## What to produce
Give, as a bare number, the count of lines below that contain "Little".

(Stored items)
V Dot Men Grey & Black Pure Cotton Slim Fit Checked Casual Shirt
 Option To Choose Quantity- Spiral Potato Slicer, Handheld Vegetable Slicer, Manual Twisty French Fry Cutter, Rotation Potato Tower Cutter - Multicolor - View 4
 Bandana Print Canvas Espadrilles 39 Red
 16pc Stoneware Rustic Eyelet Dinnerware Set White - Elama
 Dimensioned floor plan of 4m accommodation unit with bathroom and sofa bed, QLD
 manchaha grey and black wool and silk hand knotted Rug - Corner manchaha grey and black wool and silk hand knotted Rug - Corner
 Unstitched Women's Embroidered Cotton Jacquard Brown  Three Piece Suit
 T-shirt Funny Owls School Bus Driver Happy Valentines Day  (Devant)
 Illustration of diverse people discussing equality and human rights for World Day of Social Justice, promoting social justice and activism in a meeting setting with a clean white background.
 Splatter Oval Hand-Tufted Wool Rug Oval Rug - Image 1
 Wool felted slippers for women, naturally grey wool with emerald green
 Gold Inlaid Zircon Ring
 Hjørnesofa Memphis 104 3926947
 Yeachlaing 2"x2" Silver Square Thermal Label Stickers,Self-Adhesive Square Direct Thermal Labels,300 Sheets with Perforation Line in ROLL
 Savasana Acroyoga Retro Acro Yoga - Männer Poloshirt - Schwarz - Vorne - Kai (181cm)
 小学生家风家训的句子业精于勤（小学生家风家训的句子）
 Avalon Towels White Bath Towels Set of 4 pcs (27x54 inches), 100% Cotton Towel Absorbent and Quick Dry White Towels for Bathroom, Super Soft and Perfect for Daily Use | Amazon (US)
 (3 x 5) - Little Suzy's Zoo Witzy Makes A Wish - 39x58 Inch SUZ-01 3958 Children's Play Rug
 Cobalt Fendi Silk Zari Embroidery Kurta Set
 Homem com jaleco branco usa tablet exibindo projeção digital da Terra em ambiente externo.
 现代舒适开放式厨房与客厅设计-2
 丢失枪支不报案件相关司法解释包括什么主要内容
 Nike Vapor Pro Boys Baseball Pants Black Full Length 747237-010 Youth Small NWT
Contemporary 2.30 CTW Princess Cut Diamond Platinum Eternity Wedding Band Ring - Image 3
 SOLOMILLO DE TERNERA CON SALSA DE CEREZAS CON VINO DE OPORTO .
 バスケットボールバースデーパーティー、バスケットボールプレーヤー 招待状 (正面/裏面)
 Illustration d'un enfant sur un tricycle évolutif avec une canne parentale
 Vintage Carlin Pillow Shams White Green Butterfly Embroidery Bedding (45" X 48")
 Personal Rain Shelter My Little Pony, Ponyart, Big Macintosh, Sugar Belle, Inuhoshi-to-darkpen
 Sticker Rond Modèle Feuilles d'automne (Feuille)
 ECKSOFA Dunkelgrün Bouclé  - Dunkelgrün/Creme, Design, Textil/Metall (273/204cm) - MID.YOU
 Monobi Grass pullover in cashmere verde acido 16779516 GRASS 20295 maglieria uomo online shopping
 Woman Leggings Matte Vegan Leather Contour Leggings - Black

## Reply
2